The courageous hunger strike by California prisoners has involved 12,000 prisoners in prisons across the state. Originating from Security Housing Units (SHUs) and Administrative Segregation Units (Ad-Seg and ASU) across California. Prisoners held at Pelican Bay State Prison and Calipatria, the main centers of resistance, as well as those in Centinela, Corcoran, Ironwood, Kern Valley, North Kern, Salinas Valley, California Rehabilitation Center in Norco, Pleasant Valley State Prison, San Quentin as well as West Valley Detention Center in San Bernadino County are currently participating. More than 3,000 California prisoners held in out-of-state facilities in Arizona, Mississippi and Oklahoma have also refused food.

Family members of striking SHU prisoners reported that their visits are being denied by the California Department of Corrections and Rehabilitation (CDCR). Some were told they would not be permitted to visit as long as the strike continues. This is an effort to break the firm unity of prisoners, families and all those standing with the prisoners. It is to further isolate the prisoners and prevent reports on their conditions and spirit of resistance. Many also anticipate violence by prison officials, which prisoners then will be unable to report to family members. This is also no doubt why lawyers for the prisoners have also been banned by prison officials.

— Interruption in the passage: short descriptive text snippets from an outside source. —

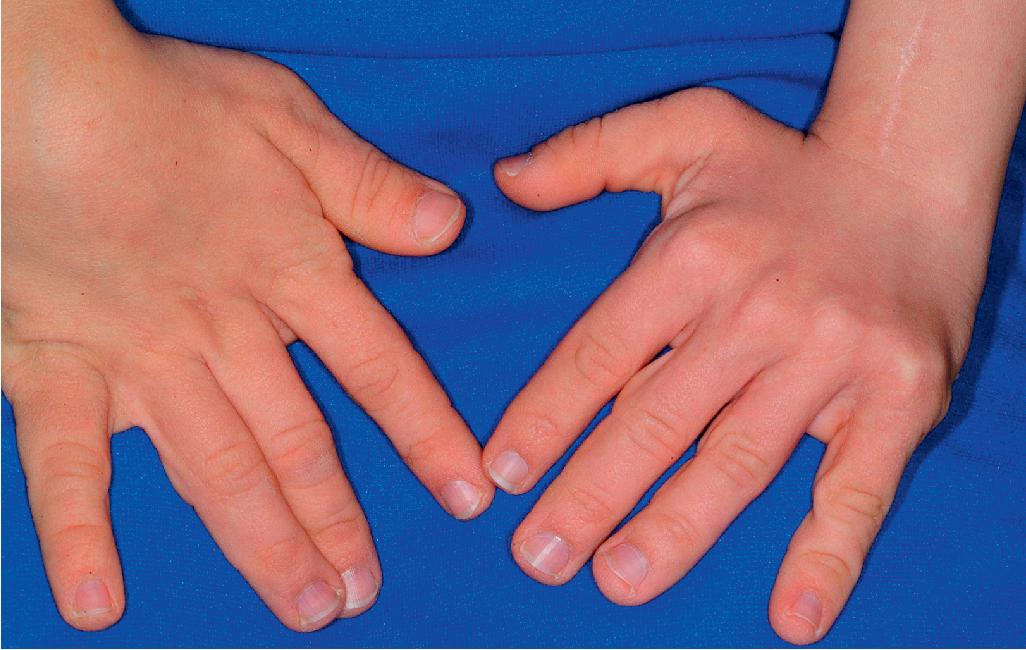 Fig. 6.11, Costello syndrome. Note the loose, hyperextensible skin of the digits.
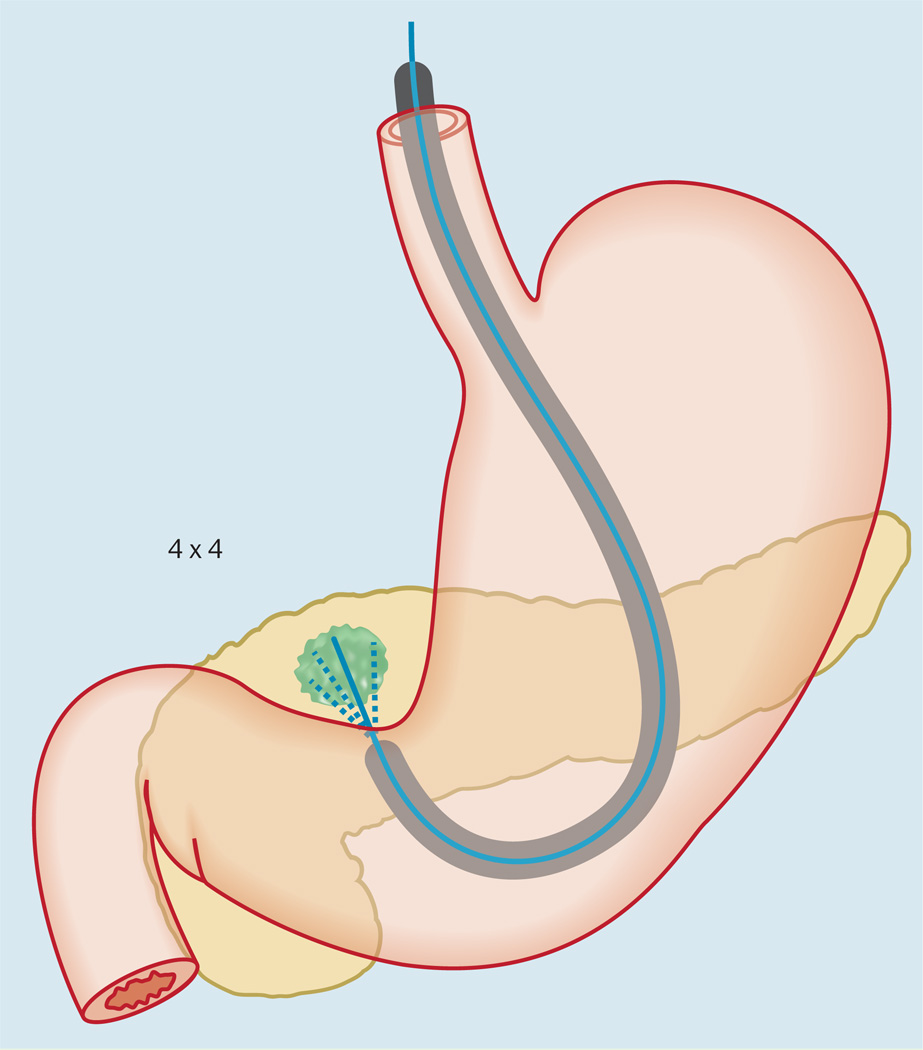 Fig.2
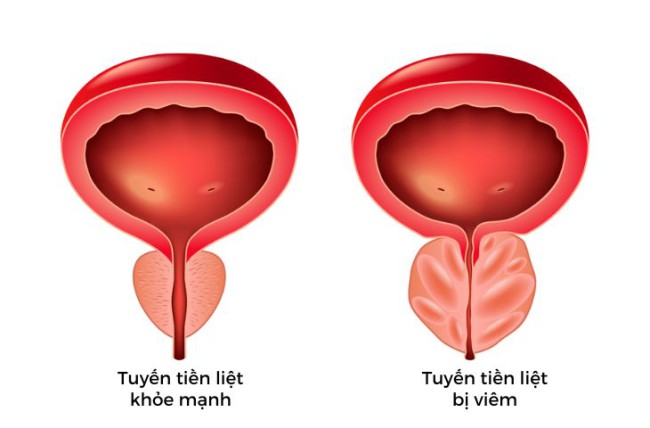 4 loại viêm tuyến tiền liệt phổ biến ở nam giới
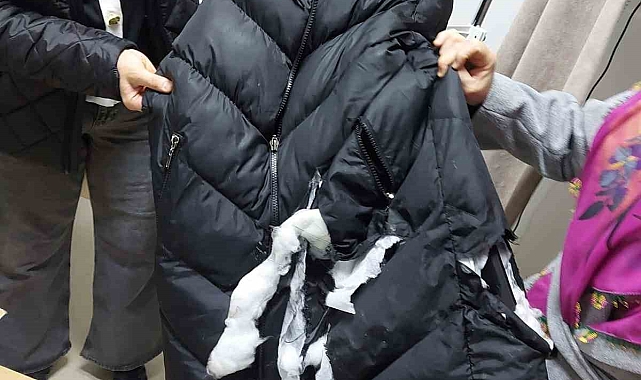 Köpeklerin saldırısına uğrayan kadın yaralandı: O anlar kameraya yansıdı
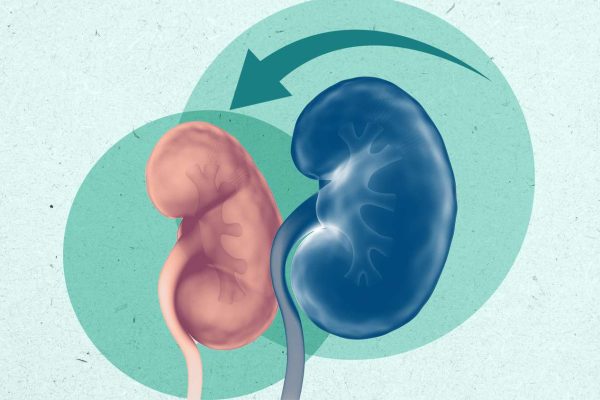5 Langkah Pemulihan Setelah Mengalami Masalah Ginjal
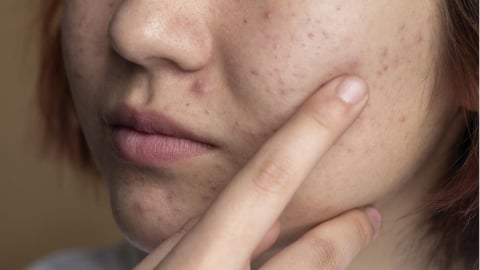 一顆一顆「閉鎖性粉刺」怎麼調整？專家解析3個日常處理方向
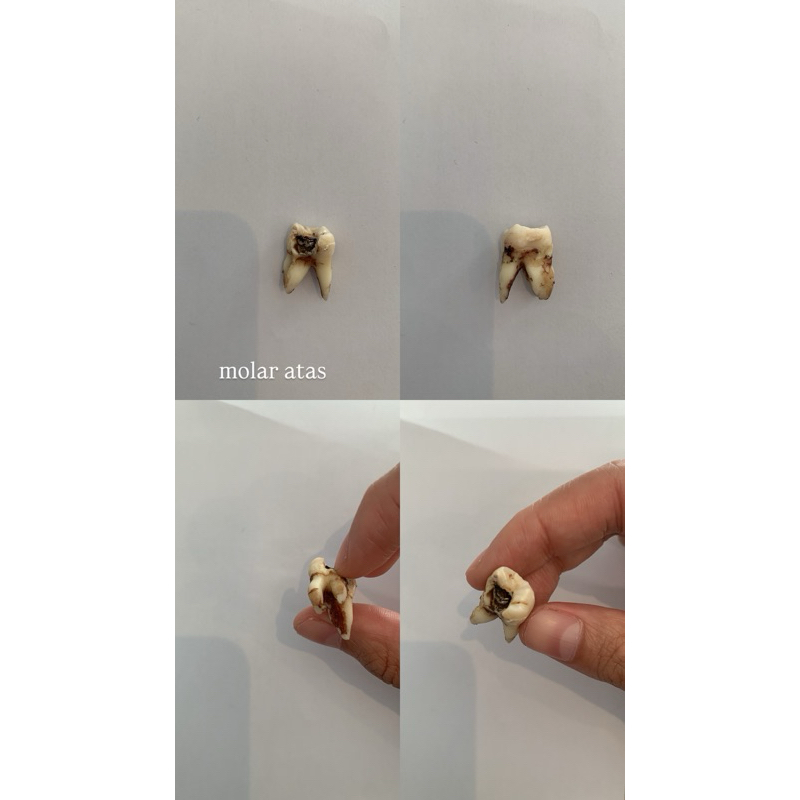 Gigi Molar Atas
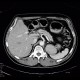 Wirsungolithiasis: CT - Computed tomography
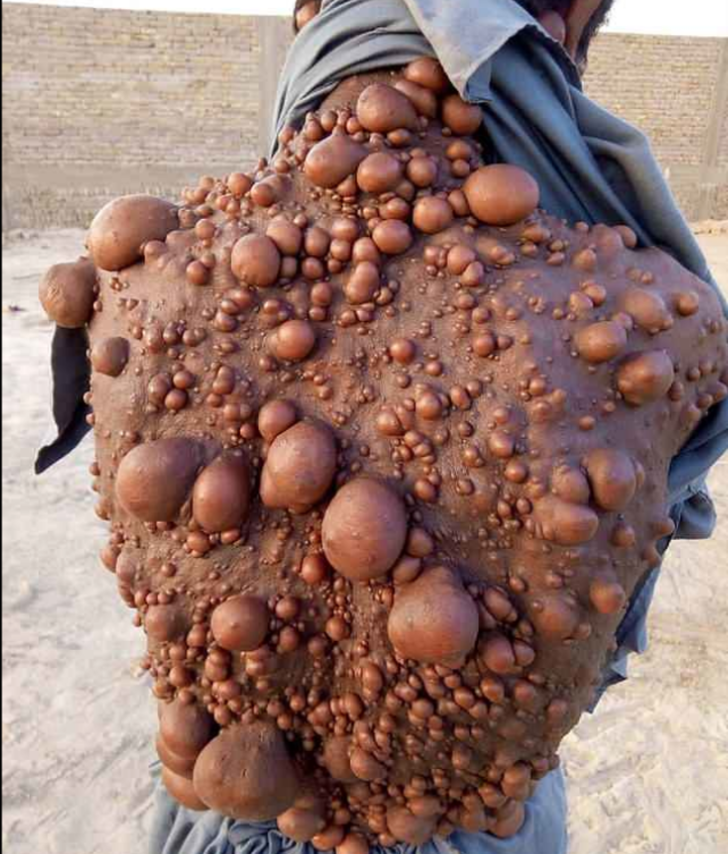 Onu gören yolunu değiştiriyor: 'Ailemi utandırmamak için...' G5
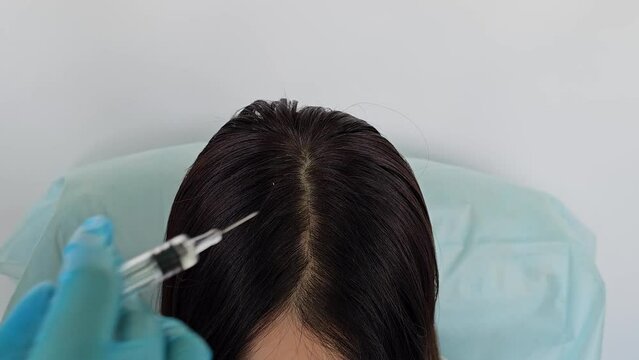 Cosmetologist does prp therapy against hair loss and anti-dandruff of a beautiful brunette woman in a beauty salon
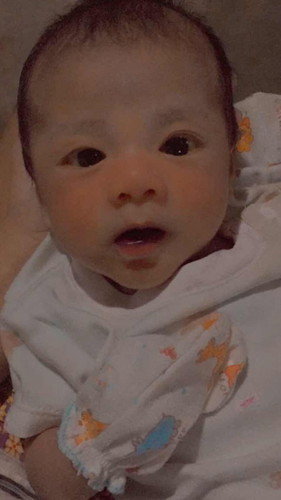 ลูกไม่ถ่ายหลายวัน+ตดเหม็นมาก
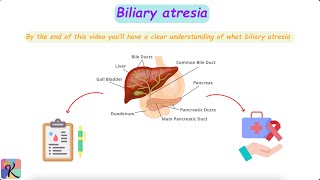 Understanding Biliary Atresia – Causes Diagnosis and Treatment [upl. by Nileuqaj]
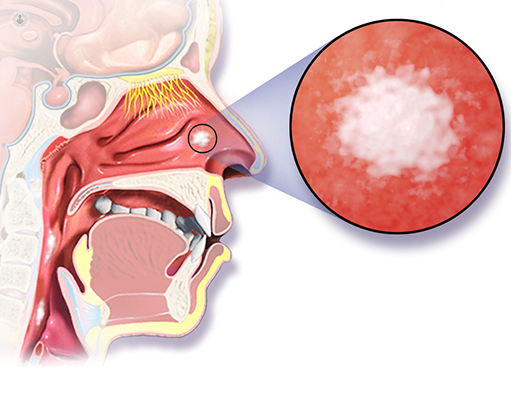 Hereditary Angioedema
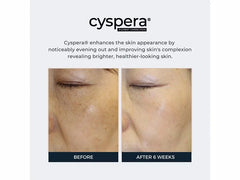 Cyspera Pigment Correction System with Cysteamine Isobionic-Amide Complex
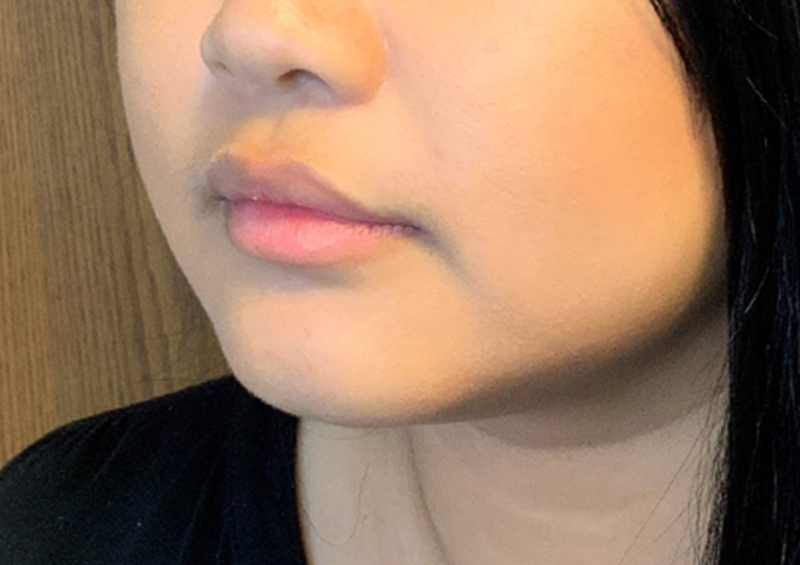 Injectables And Fillers 03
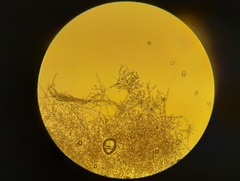 Peronospora chenopodii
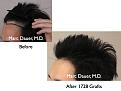 Click image for larger version

Name:	before and after photos.007.jpg
Views:	378
Size:	56.3 KB
ID:	464481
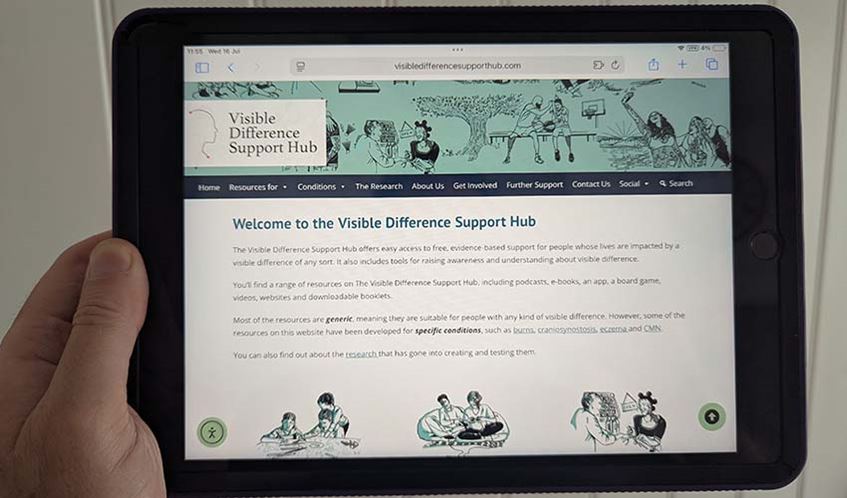 Person holding a tablet computer displaying the website Visible Difference Support Hub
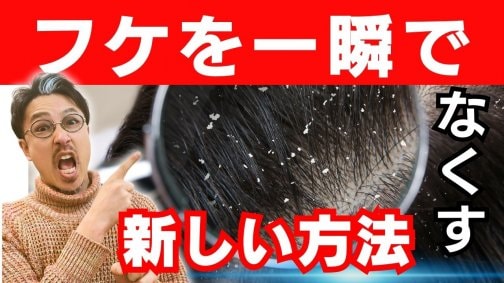 【フケを一瞬でなくす】対策とアイテムの紹介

The prisoners resumed their hunger strike on September 26 after the CDCR failed to address demands made when prisoners initially went on strike for almost the entire month of July. The people in the various prisons are reporting heightened levels of intimidation and retaliation from prison officials since July. Despite this, thousands are participating in the current strike, demanding their rights.

Mediators who met with hunger strike representatives at Pelican Bay, one of whom had been transferred to Corcoran due to the strike, confirmed October 13 that prisoners there have decided to stop their hunger strike after nearly 3 weeks. The prisoners have cited a memo from the CDCR detailing a comprehensive review of every Security Housing Unit (SHU) prisoner in California whose SHU sentence is related to gang validation. The review will evaluate the prisoners’ gang validation under new criteria and could start as early as the beginning of next year. “This is something the prisoners have been asking for and it is the first significant step we’ve seen from the CDCR to address the hunger strikers’ demands,” says Carol Strickman, a lawyer with Legal Services for Prisoners with Children, “But as you know, the proof is in the pudding. We’ll see if the CDCR keeps its word regarding this new process.” The Pelican Bay prisoners also expressed their firm stand that if CDCR again refuses to take action, as occurred since July, they will resume their strike.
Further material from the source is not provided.